Als kernopgave wordt gezien dat trajecten individuele trajecten worden – maatwerktrajecten met maatwerkfinanciering – die de bijzondere reizigers toerusten om zo stabiel en zelfstandig mogelijk te leven, zonder overlast te veroorzaken. De individuele trajecten, het reisplan, worden samengesteld uit een breed palet van vraag en aanbod van ketenpartners waarmee de reis kan worden gestart. Het knooppunt staat continu in verbinding met lokale en (boven) regionale samenwerkingsverbanden. De Spoorplaat laat zien welke zaken we met elkaar goed gaan regelen voor bijzondere reizigers.

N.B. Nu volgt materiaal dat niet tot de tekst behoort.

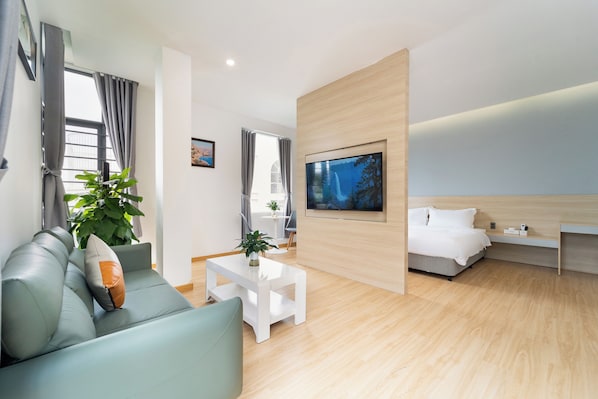 A modern hotel room with a sofa, a coffee table, a TV, and a bed.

NU De routes zoals die NU lopen, laten zien dat bijzondere reizigers van doen hebben met erg veel loketten en stationnetjes, bemenst door professionals die elk hun eigen intake afnemen, een plan opstellen en een regisseur/coördinator/contactpersoon benoemen op basis van een beschikbaar budget. De benadering van de cliënt vindt vaak plaats vanuit de expertise of methode van één of enkele organisaties. De aanpak wordt vaak ‘integraal’ genoemd, maar is meestal gericht op de aandachtsgebieden die gekoppeld zijn aan een specifieke geldstroom voor diensten en producten. Aandacht is nodig voor schakelpunten. Grote vraag is wie het totaal overziet: wie voert de regie? Door de versnipperde aanpak van de hulpvragen zijn de reizigers(groepen) niet goed in beeld en is onbekend welke aanpak het meest effectief is. Hierdoor mist het totaaloverzicht waar de bijzondere reiziger mee te maken krijgt en wordt onvoldoende geleerd van elkaar wat wel en niet werkt. Professionals kunnen elkaars expertise onvoldoende benutten, processen uit verschillende ketens sluiten onvoldoende op elkaar aan. Er is onbekendheid bij partners met andere domeinen dan die waarin ze zelf werken. Verantwoordelijkheden zijn versnipperd. Verschillende talen worden gesproken. De werkvloer constateert dat er veel aan symptoombestrijding wordt gedaan. De tijd en rust ontbreken om met de reiziger zelf een reisplan te maken voor een reis die misschien wel altijd duurt en waar de ‘professionele’ reisbegeleider bij moet blijven door af en toe een stukje mee te reizen. Grote bezuinigingen in preventie en vroegsignalering eisen hun tol. Er is een grijs gebied tussen signaleren dat er iets aan de hand is en de hulp die geboden kan worden.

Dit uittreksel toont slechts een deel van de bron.